Sunday, October 6, 2013
Restrepo on Whether Different Standards of Judicial Review Affect the Gains of Minority Shareholders in Freeze-Out Transactions
Freeze-out transactions have been subject to different standards of judicial review in Delaware since 2001, when the chancery court, in In re Siliconix Inc. Shareholders Litigation, held that, unlike merger freeze-outs, tender offer freeze-outs were not subject to “entire fairness review”. This dichotomy, in turn, gave rise to a tension in the literature regarding the potential impact of Siliconix, as well as the treatment that freeze-outs should receive. While some defended the regime established by Siliconix, others argued for doctrinal convergence through a universal application of entire fairness, and still others proposed alternative variations of convergence based on how the negotiation process is conducted. The Delaware Chancery Court itself, in fact, subsequently made a partial step toward convergence by narrowing the scope of its precedent, as reflected in In re CNX Gas Corporation Shareholders Litigation. The empirical evidence on the effect of Siliconix (and, therefore, on the practical relevance of different standards of judicial review), however, is limited. In particular, in “Post-Siliconix freeze-outs: Theory and Evidence,” Guhan Subramanian found that minority shareholders obtain lower cumulative abnormal returns (CARs) in tender offer freeze-outs relative to merger freeze-outs, and, based on this finding, Subramanian advocates for doctrinal convergence.
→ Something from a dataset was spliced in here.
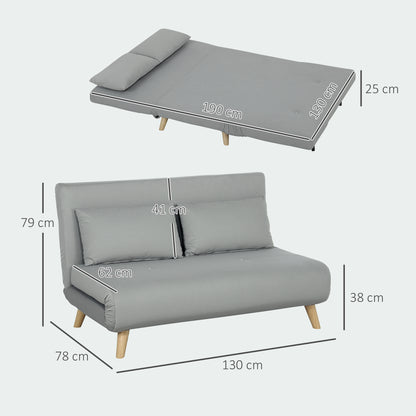 3 in 1 Sleeper Sofa 130 x 78 cm Sofa with Bed Function, Foldable Couch with Lumbar Pillows, Velvet Look, Adjustable Backrest for Living Room, Bedroom, Light Gray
That article, however, does not formally examine whether Siliconix generated a structural change in relative CARs in both transactional forms and, therefore, whether the differences in outcomes are actually attributable to the disparity in standards of judicial review. The purpose of this work is, therefore, to fill this gap in the literature. To this end, this work uses a difference-in-differences approach, which compares changes over time (before and after Siliconix) between CARs in tender offers (the treatment group) and CARs in statutory mergers (the control group). As further discussed in the text, the results seem to suggest, in line with Subramanian’s intuition, that Siliconix actually had at least some negative effect on CARs in tender offers, since the estimator of difference-in-differences is consistently negative and generally significant. Based on the results, this work discusses specific policy implications, particularly in terms of regulatory convergence.